The school's name is enshrined in state law and cannot be changed without legislative action.
Credit: AP
FILE - Student Michelle Freeman, top left, practices her argument in a moot courtroom at the University of California, Hastings College of the Law in San Francisco on March 13, 2017. A board is recommending UC Hastings College of the Law change its name to College of the Law San Francisco. In 2021 the San Francisco law school decided on a name change after recognizing that its namesake, Serranus Clinton Hastings, had sponsored massacres of Native American people in Northern California. (AP Photo/Eric Risberg, File)

SAN FRANCISCO — The board of a San Francisco law school founded by a 19th century rancher who sponsored deadly atrocities against Native Americans is recommending that it change its name to the College of the Law San Francisco.

The board of directors for UC Hastings College of the Law voted Wednesday to make the recommendation to state lawmakers, the San Francisco Chronicle reported. The college name is enshrined in state law and cannot be changed without legislative action.

Hastings counts among its graduates major movers and shakers, including former San Francisco Mayor Willie Brown and U.S. Vice President Kamala Harris.

But it was also founded in 1878 by Serranus Clinton Hastings, a wealthy rancher and former chief justice of the California Supreme Court who helped orchestrate and finance campaigns by white settlers in Mendocino County to kill and enslave members of the Yuki Indian tribe.
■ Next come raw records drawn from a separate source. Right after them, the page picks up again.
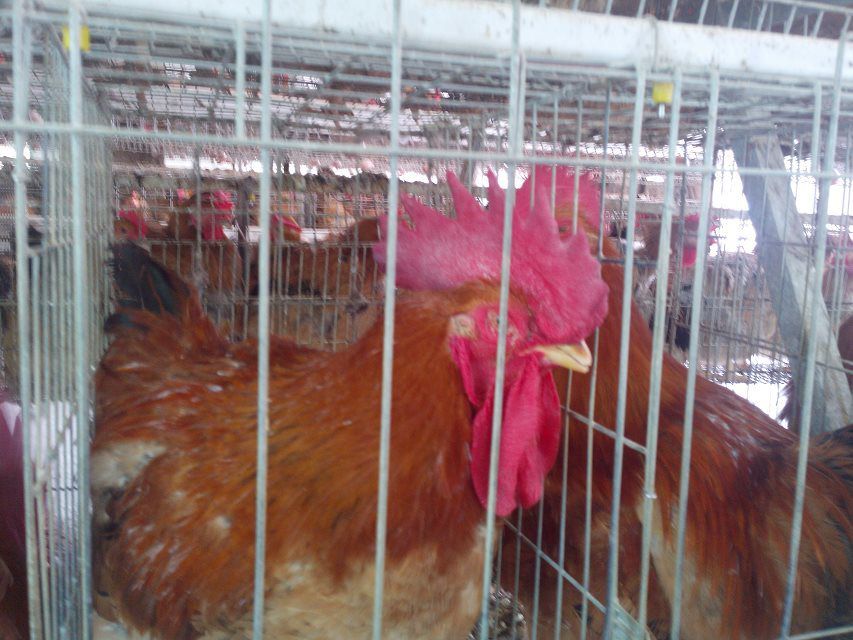  K9鸡苗，肉鸡苗，快大肉鸡苗，快大K9苗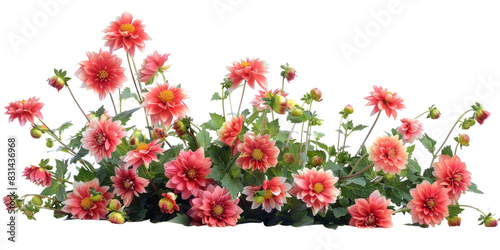 Fototapeta Naklejka Na Ścianę i Meble -  Dahlia flowers bush on transparent background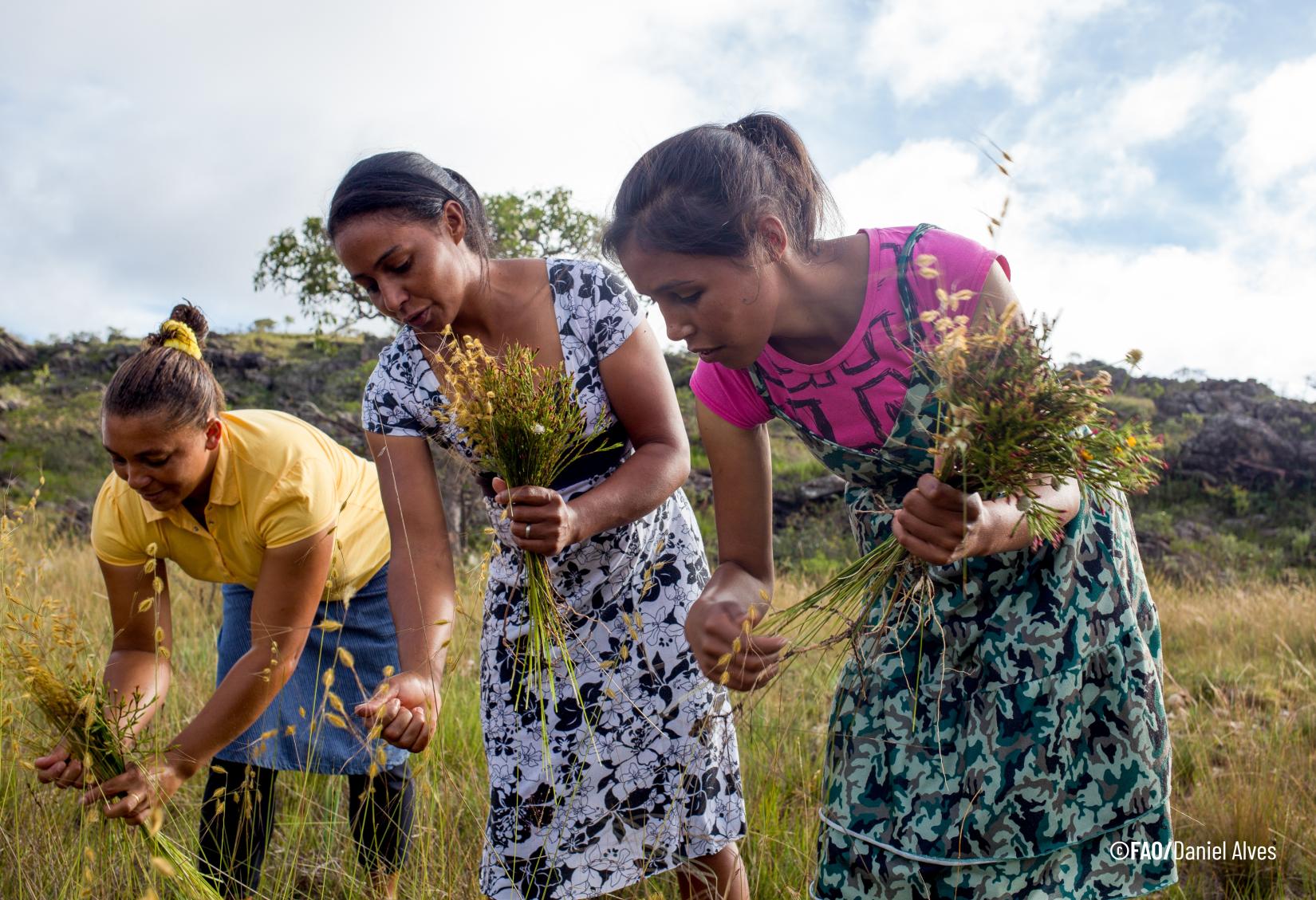 De abril a outubro, os coletores e suas famílias sobem às montanhas para colher as principais flores "sempre-vivas", permanecendo lá por semanas. Esse período também representa um momento de encontro das comunidades, promovendo a socialização.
The recommendation comes amid strong objections from descendants of Yuki and Round Valley tribal members who hoped for an indigenous name, the Chronicle reported.

The school began to investigate its founder's legacy in 2017 and the board voted in November to change the school's name. It is also working on "restorative justice" initiatives, including a formal apology.

In 2020, the law school at the University of California, Berkeley stripped itself of a 19th century namesake who espoused racist views that led to the 1882 Chinese Exclusion Act.